Because customer experience initiatives continue to dominate the executive agenda, businesses often fail to nurture internal resources in pursuit of external gain. However, as consumer expectations evolve, so must company culture, for future employees will rely upon collaboration, adaptability, and purpose to further personal and enterprisewide success.
With rapid innovation comes a new era of employee engagement. Just as consumers want more for their money, employees long for more than just compensation. As time progresses, these individuals wish to break free from the traditional workspace more and more, for not all have the capacity to thrive under the same conditions. Modern employees also desire continuous learning in their pursuit of meaning, for money no longer serves as their primary motivation.
Here, we explore how organizations are already shaking things up and how these alterations will evolve to impact the workforce of the future:
In recent years, many modern offices have undergone deconstruction, breaking down cubicle walls in an effort to turn these spaces into collaborative common areas that promote conversation. "The traditional, sprawling 'cube farm' office layout is fading fast in its role as the centerpiece for corporate life and productivity thanks to tremendous advances in mobile technology and 24/7 Internet accessibility," says Mark Gambill, chief marketing officer at MicroStrategy Inc. Instead, companies have started to erase the concept of walls entirely, expanding beyond the confines of the office itself and enabling employees to pursue their own individual working styles.
However, as Emily He, chief marketing officer of Saba Software, notes, this fixation on open office layouts will likely face backlash in the near future, for these conversational, often loud, spaces will increase the competition for meeting rooms and private spaces, as open environments can also reduce productivity or output. Employees may spend more time collaborating than ever before, but this constant discussion will inevitably delay the end result.

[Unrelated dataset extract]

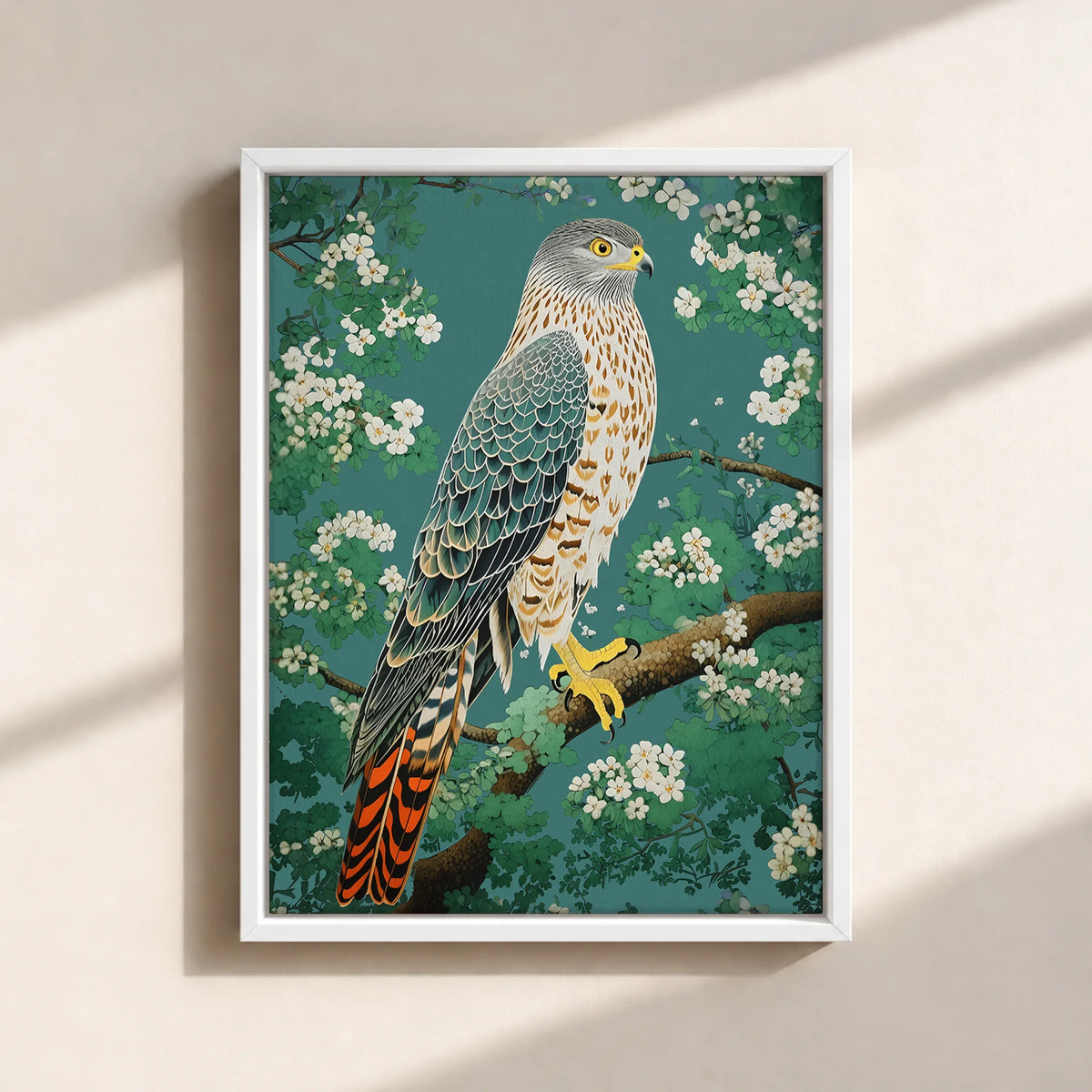 Hawk in Bloom Canvas Print (Framed)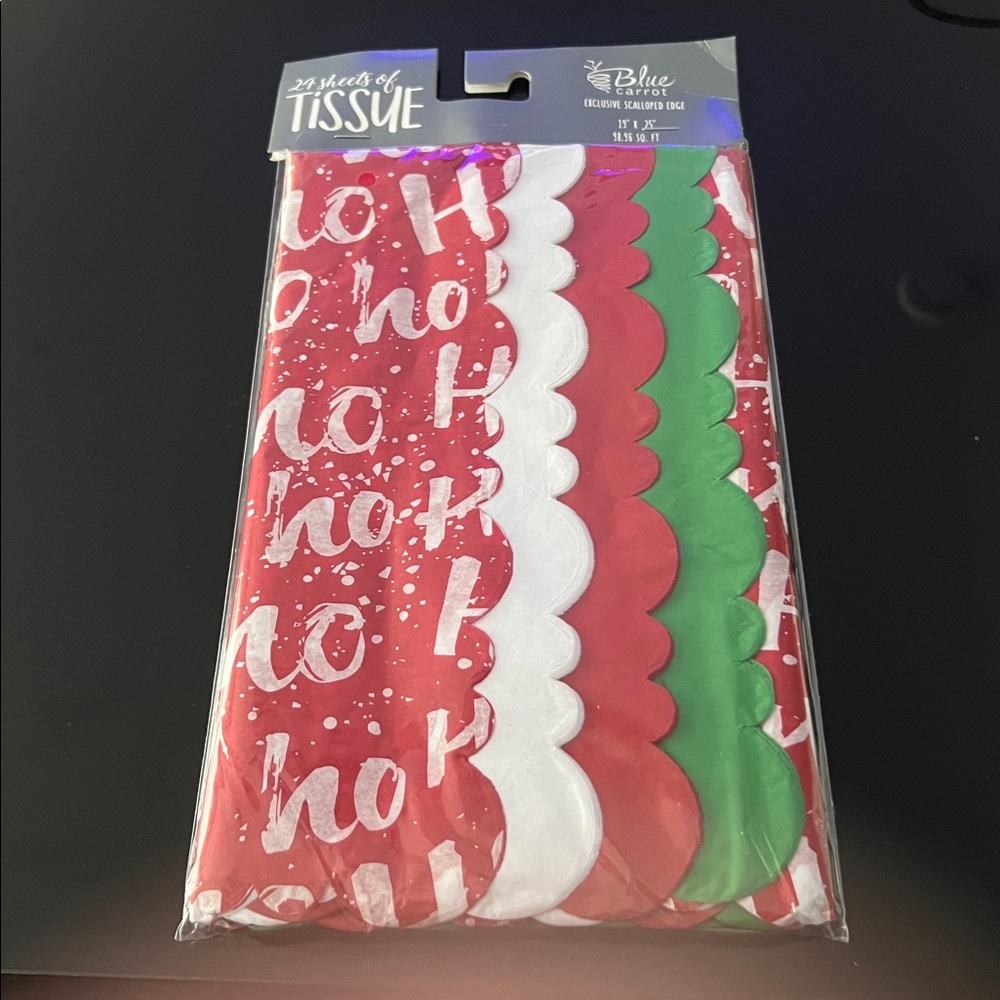 🎅🏼24 Sheets Tissue Paper Exclusive Scalloped 19"x25" Inches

Such environments have already chased some employees back to their home offices in an effort to complete high-focus tasks, thereby reducing engagement and collaboration-the exact opposite of the open office's intent.
Susan Cain, author of "Quiet: The Power of Introverts in a World That Can't Stop Talking," highlights that not all personalities are suited for the open office environment, as many crave privacy and require time without the "always on" sensory overload in order to think and create better. Therefore, organizations will need to understand how their employees work as they aim to develop the right private, collaborative, and open space balance to accommodate different jobs and working styles.
Jim Haudan, chief executive officer at Root Inc., notes that, to embrace the spirit of flexibility, brands also need to look at home work models. Such options facilitate mobility, allowing employees to be productive no matter their location, as cloud technologies enable access to secure information wherever there's an Internet connection. However, the tremendous need to re-humanize the workplace remains, as effective teams require human interaction to reach their full potential. Thus, successful companies must learn to determine when employees need to be together, and ensure that teams make the most of their time by encouraging and enabling daily communication and socialization no matter the medium.
No matter how diligent current and prospective employees may be, it's nearly impossible to keep pace with the evolution of technology. Thus, while employers will continue to look for basic competencies and skills, organizations will inevitably look to hire workers that exhibit the willingness to learn. In the future, learning will trump knowing, as companies seek engaged individuals who can quickly adapt to change.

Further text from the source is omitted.